更新日:2023年11月15日 20:06
エンタメ

『アメリ』を「間違えて」買い付けた56歳の映画プロデューサーが“余命半年”のいま語る、映画業界に残した功績

「1億円の生命保険」に加入させられかけた!?

――そんな絵に描いたような「ギョーカイ人」だった叶井さんですが、2010年には自身で設立したトルネード・フィルムを破産させてしまいます。ちょうど、その前後で倉田氏と結婚していると思うのですが、会社が破産、さらに自己破産すると、どうなるんですか? 叶井:やっぱり、何人かには距離を置かれたよ。3億円を踏み倒したわけだからね……。それは怒るでしょう。しかも、借金を踏み倒しながら、映画業界にいるわけだから「ありえない!」と思っている人はいまだに多いだろうね。 とある制作会社には800万〜1000万円の未払い金があったから、「1億円の生命保険入ってくれ」と言われたこともあった。1億だから月に30万〜40万円の掛け金がかかるのに、それを向こうが払うというんだよ。 ――なんでそんなことするんですか? 叶井:「お前が死んだら、1億円そのまま受け取る」と言われたね。「いや、御社への未払いは1000万円くらいじゃないですか!」と言ったら「長年の利子です」と返されてしまった。ヤバくない?(笑)

「1万円でチャラにするか、自己破産を選んでくれ」

エンドロール!

『エンドロール! 末期がんになった叶井俊太郎と、文化人15人の“余命半年”論』(サイゾー)

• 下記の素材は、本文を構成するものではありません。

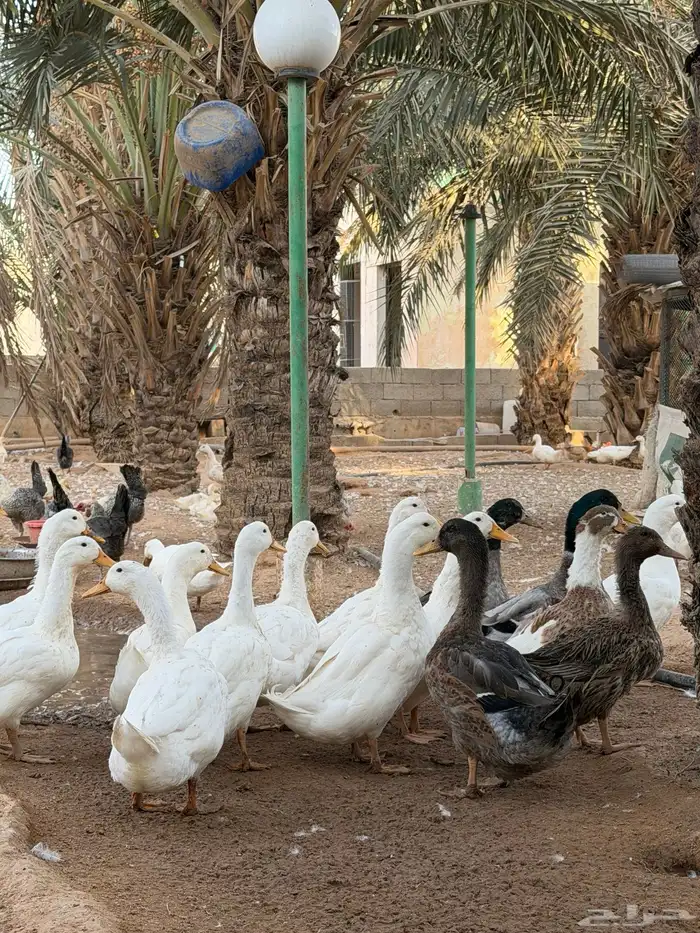 للبيع بط بيكيني مع شرشيري امهات وبشاير وفروخ 0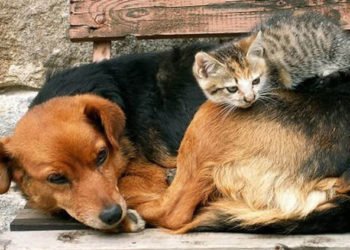 Minik dostlarımız Üsküdar’da emin ellerde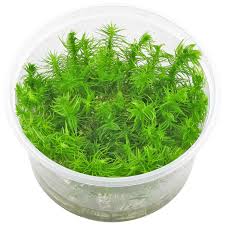 ADA TISSUE CULTURE POGOSTEMON ERECTUS IC405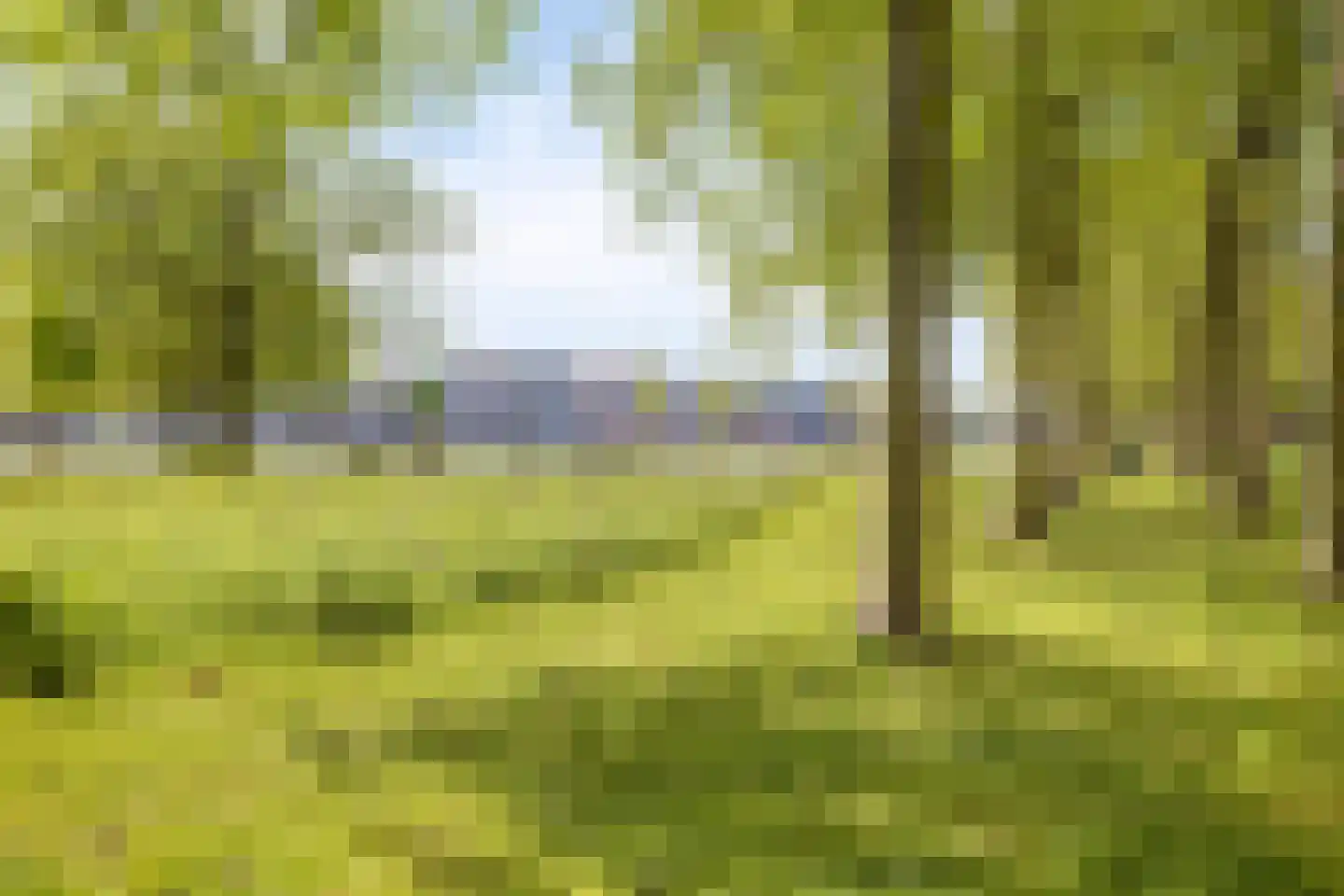 Sumatrakade 575 Amsterdam thumbnail 33
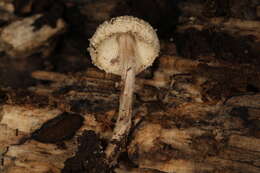 Image of Cystolepiota fumosifolia (Murrill) Vellinga 2006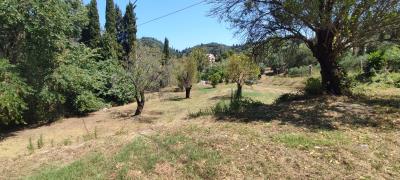 IMG_20240706_122617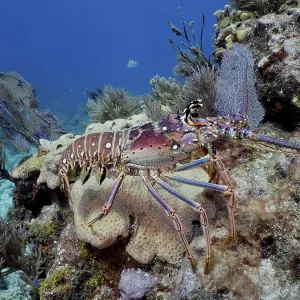 Caribbean spiny crayfish (Panulirus argus)
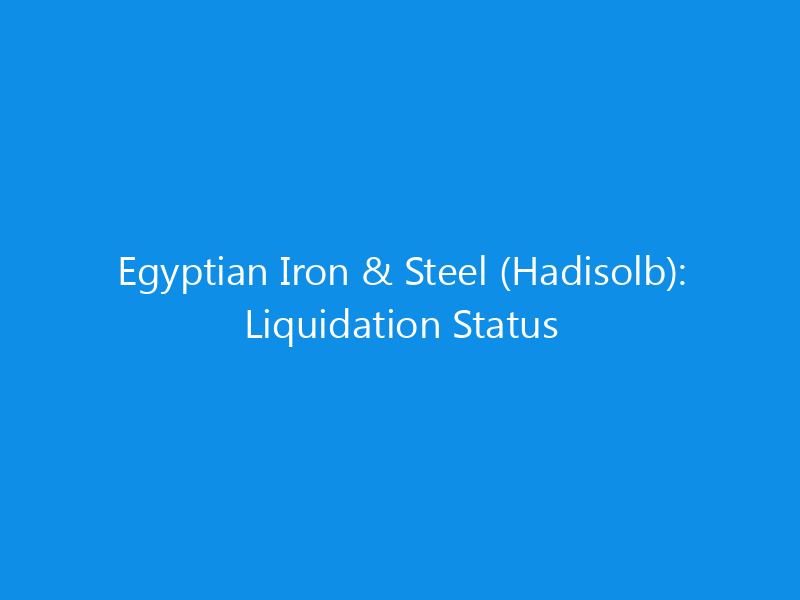 Egyptian Iron & Steel (Hadisolb): Liquidation Status 9 Egyptian Iron & Steel (Hadisolb): Liquidation Status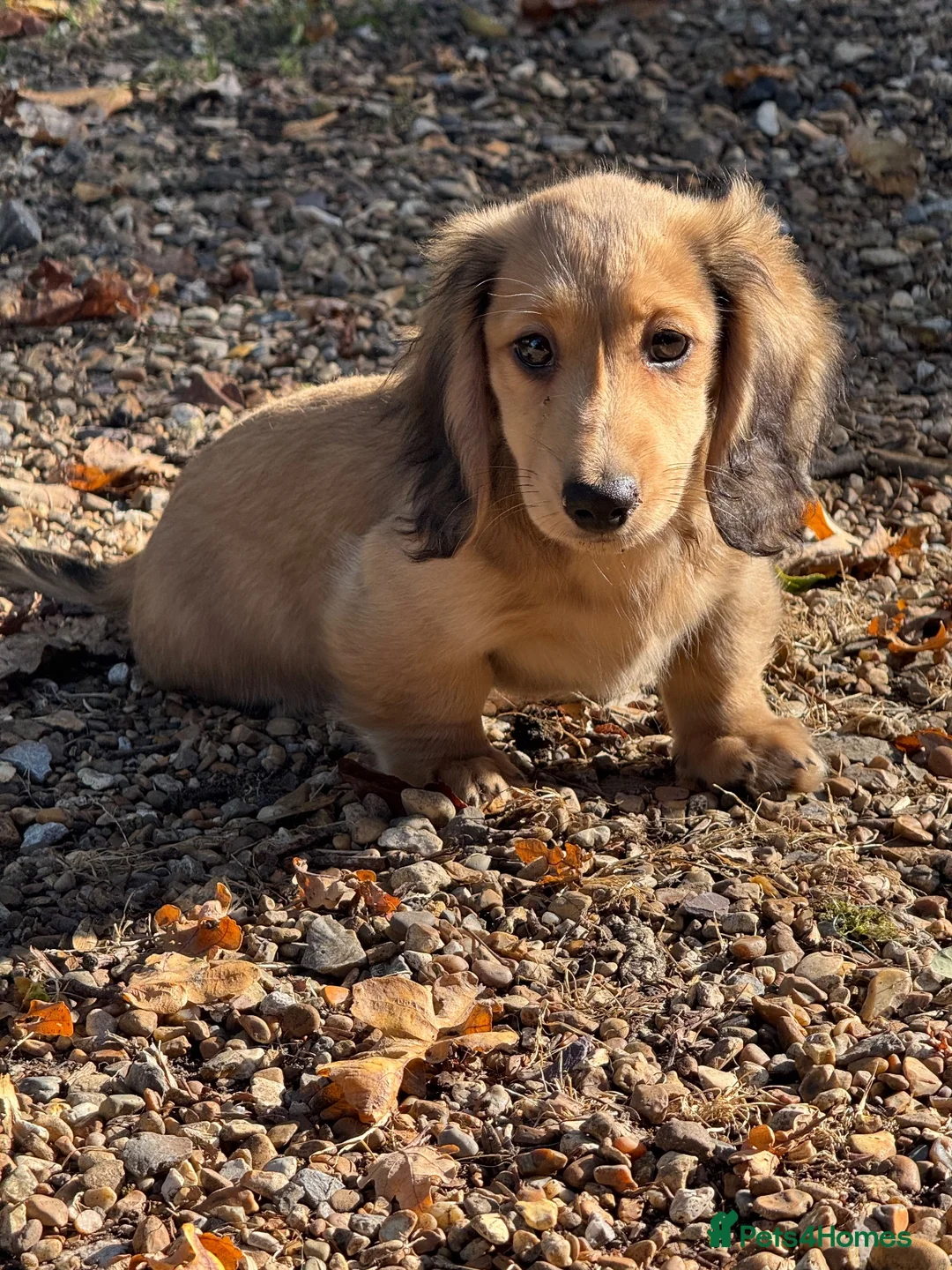 Miniature Dachshund dogs for sale: Miniature dachshund pups dna health tested  - Advert 2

――そうやって、叶井さんの元を去る人がいる一方で、例えば200万〜300万円近くの未払いがあった江戸木氏には「後でもっと払いますから」と言ったことで、その後も仲良くしてもらえたんですよね。 叶井:人によって未払いの金額が違うから、一人ひとりに挨拶に行って「1万円でチャラにするか、俺が自己破産するから、それで溜飲を下げるか選んでくれ」と言ったんだ。 ――叶井さんが自己破産したところで、相手にメリットはあるんですか? 叶井:いや、「自己破産を反省と捉えてほしい」ということだね。 ――どちらを選んでも未払いは解決しないじゃないですか……。 叶井:まぁ、実際そうとしか言えなかったからさ。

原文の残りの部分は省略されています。